- WHAT NEEDS TO BE DONE
Repeat the data word for word and skip the pictures.

___ RECORDED DATA ___

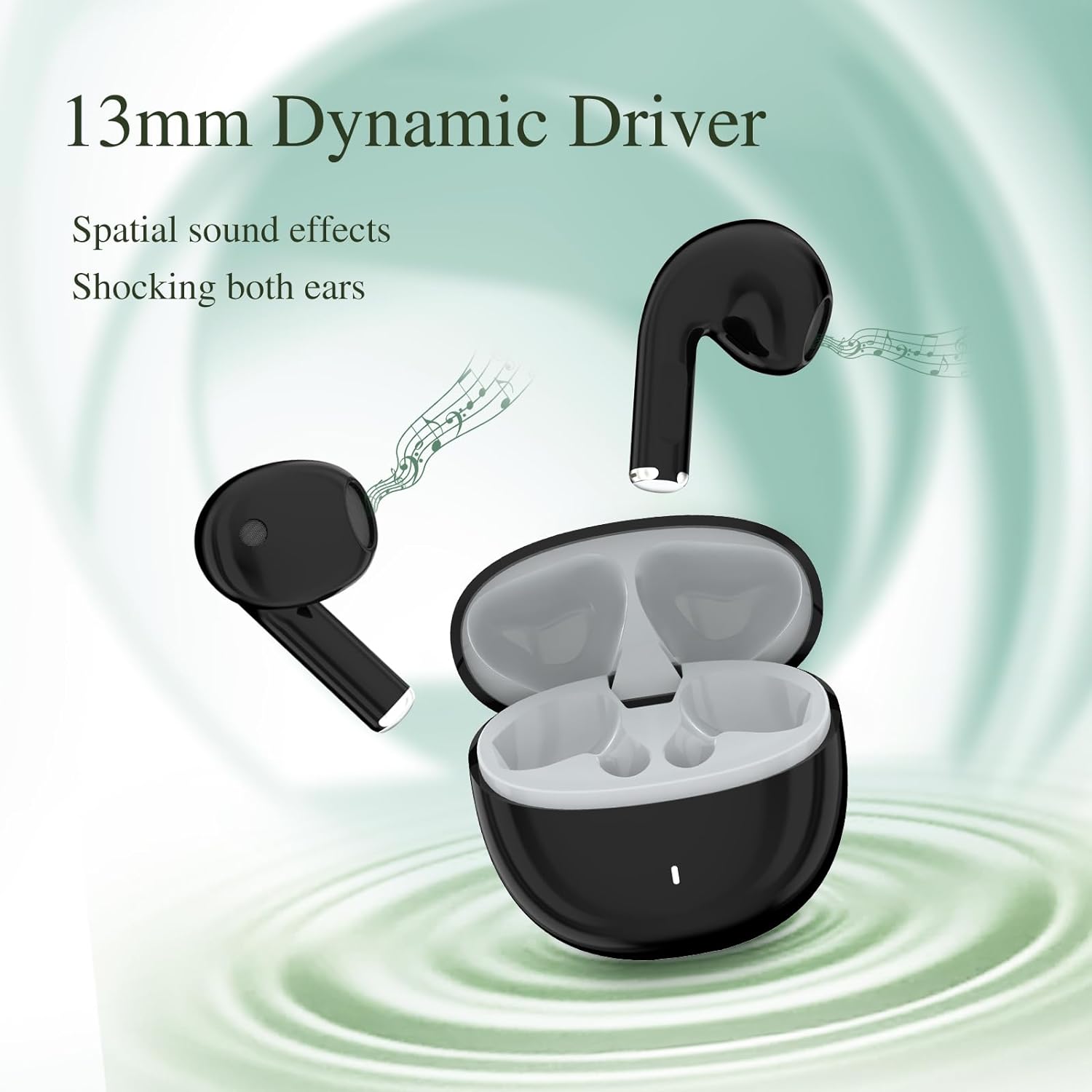 SHKOD AirLits 7 True Wireless in Ear Earbuds with 25H Playtime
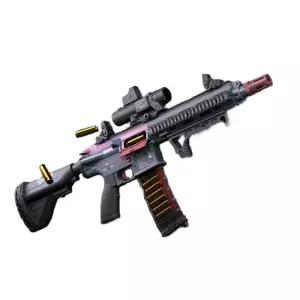 탄피배출 블로우백 너프건 전자동 기관총 배그총 M416 전동 에어소프트건 비비탄 로니킷 샷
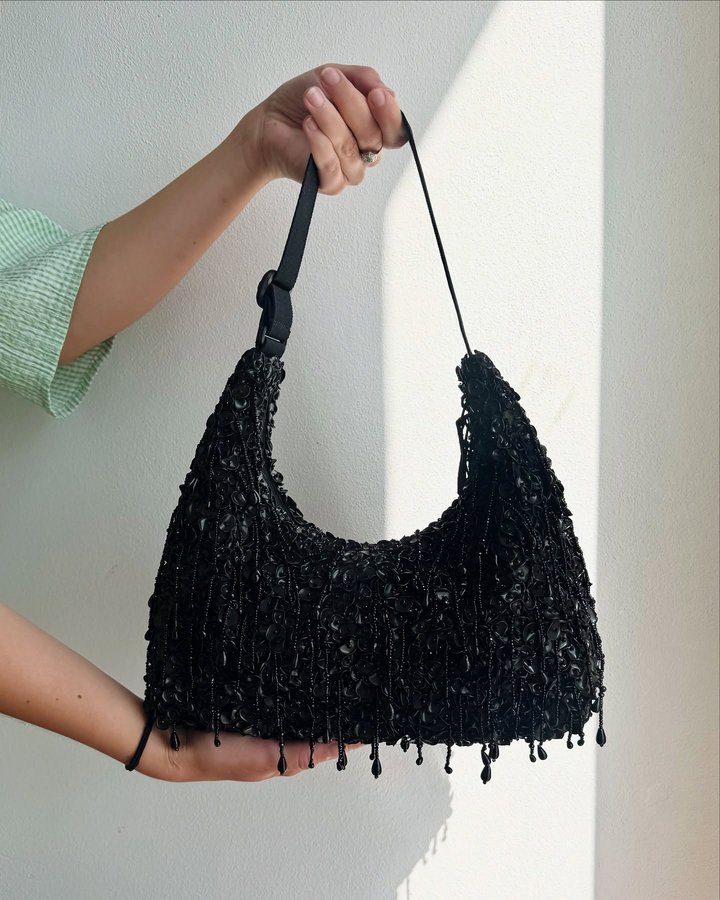 Instagram post by @paula_votteler for GOT BAG. Caption reads: [...] nets just makes perfect sense to me! @gotbag....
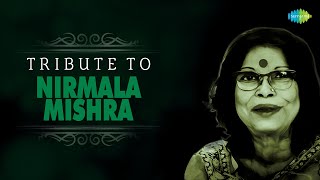 Tribute To Nirmala Mishra  Emon Ekti Jhinuk  Tomar Akash Duti  O Tota Pakhi  Ami To Tomar [upl. by Nosreme]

___

- ANSWER SECTION
 SHKOD AirLits 7 True Wireless in Ear Earbuds with 25H Playtime
 탄피배출 블로우백 너프건 전자동 기관총 배그총 M416 전동 에어소프트건 비비탄 로니킷 샷
 Instagram post by @paula_votteler for GOT BAG. Caption reads: [...] nets just makes perfect sense to me! @gotbag....
 Tribute To Nirmala Mishra  Emon Ekti Jhinuk  Tomar Akash Duti  O Tota Pakhi  Ami To Tomar [upl. by Nosreme]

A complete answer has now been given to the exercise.